Years of male dominance, the superhero action films and the need to expand the scope of the film market to the heartland mid-towns have undoubtedly strengthened an unwritten law: male stars bring in the audience, they are paid much more than their female colleagues, it is very difficult to find funding for a woman-oriented script unless a male star agrees to make a guest appearance and a leading lady’s career in cinema is substantially shorter than a man’s. Even front-runners like Priyanka Chopra and Katrina Kaif have in their various interviews accepted that the man is expected to bring in the three digit crores and so they cannot argue for pay parity or insist upon a meatier part. One of the reasons why Chopra, despite trying out women-based cinema, doesn’t mind switching back to playing item girl, that post-vamp creation expected to satisfy the ultimate Playboy fantasy.

But studio honchos say the success of films like The Dirty Picture, Kahaani or Queen or Highway have proven that producers are willing to invest in women-oriented stories beyond the low-budget or indie limits. “That’s because the treatment varies greatly. Earlier, women were fighting the system or seeking justice. Today, they are coming on their own and want to make their presence felt. Gulaab Gang was never about revenge. In fact, the conflict was between two strong characters, who happened to be women.  If Amitabh Bachchan can rule the roost in Sarkar, why not Madhuri Dixit set her terms in my filmIJ The woman can be as much wily as the man,” says Soumik Sen, director of Gulaab Gang.

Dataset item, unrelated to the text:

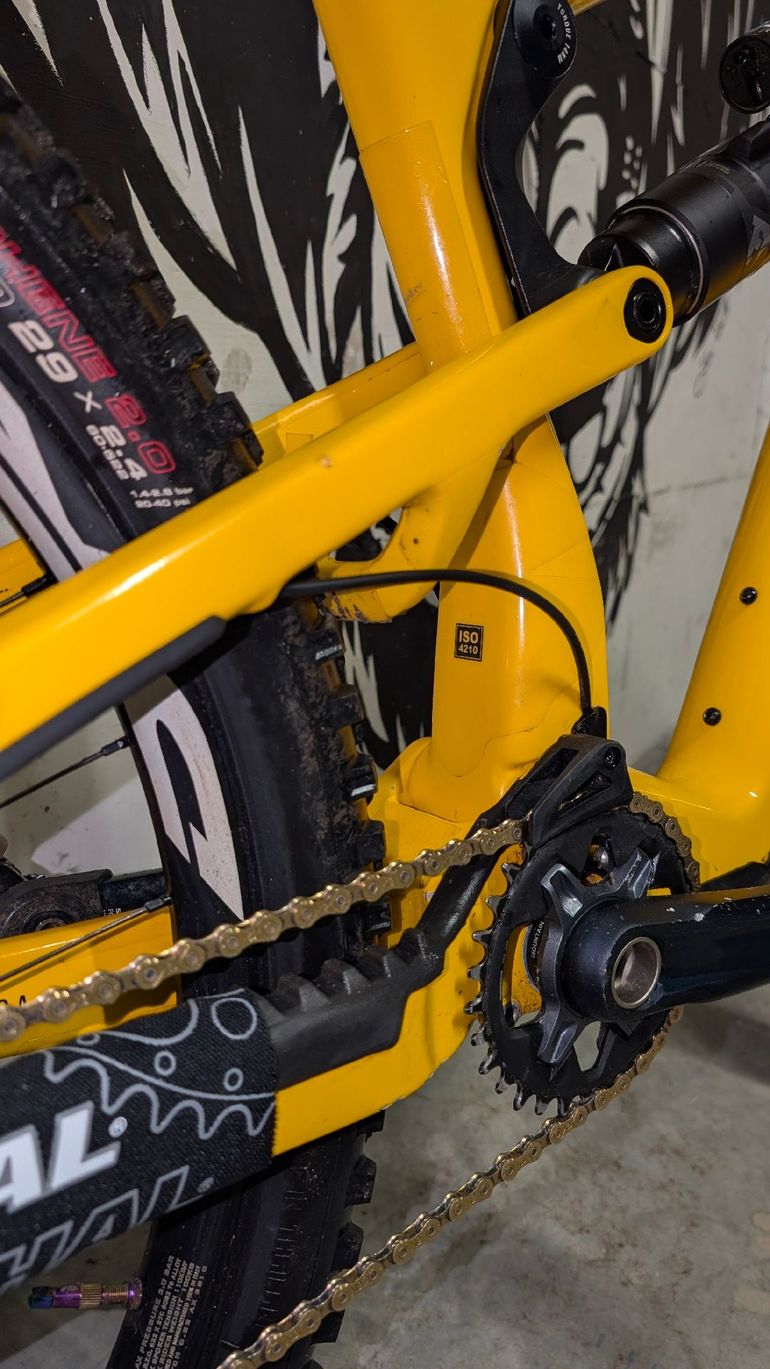 Used Nukeproof Mega 290 Carbon Elite 2022 2022 Mountainbike, Orange, 29 — image 9 of 18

Ajit Andhare, COO Viacom 18 Motion Pictures, believes it is important to back the right script, the power of story-telling and putting the characters above everything else. The real challenge, according to him, is to translate the script onscreen effectively enough to strike a collective chord. And consistently so. That in itself will dissolve all categorisation and give the roundedness of a good film.

But we still have a long way to go. As Rauf says, “Today, heroines like Vidya Balan and Kangana Ranaut have tried to break the conventional norms, taking image risks themselves, but it is a foul cry to call it as a trend. There are market risks involved and no one wants to invest in a film which has no intention to shake the box office. If you look at the blockbusters, most of them are action-oriented films, be it Singham, Dabangg, Ghajini or Krrish. And action will always be the forte of men. The audience is not going to come to theatre to watch women beating men without a reason. But they would happily watch Salman Khan ripping apart his detractors on screen.”

Says Sen, “The biggest glitches today are marketing and budget constraints. When we want to make women-centric films, we are told not to cross ‘certain figures’ because they are not popcorn films. So when they do well, the margins are profitable on a small investment. Then they may push the envelope a bit further. I would say this is a process. Also, the audience is still hesitant in accepting heroines as the hero of the film. The box office opening of most of such films, be it Queen or English Vinglish, never drew thunderous response. The returns poured in on the basis of word-of-mouth. The Dirty Picture received phenomenal success because it had the film-goers’ masala. It is surprising that a corny comedy like Grand Masti, which objectified women crassly in the name of laughs, can do business of over Rs 100 crore but Gulaab Gang failed to do even one third of that.”

This is why some of our leading ladies are dabbling in the business of producing films while they command their highest prices onscreen. Deepika Padukone has reportedly gone for a profit-sharing agreement for Homi Adajania’s Finding Fanny Fernandes. Anushka Sharma has slashed her price and is co-producing NH10 with Vikram Motwane, knowing such offers won’t come her way so soon. Has-been actress Diya Mirza is producing the Vidya Balan-driven Bobby Jasoos. But in the end you have to give it to Madhuri Dixit and Sridevi for sticking to their starry guns and a no-compromise script plan despite their age. Maybe the top women within the industry will bring in the revolution.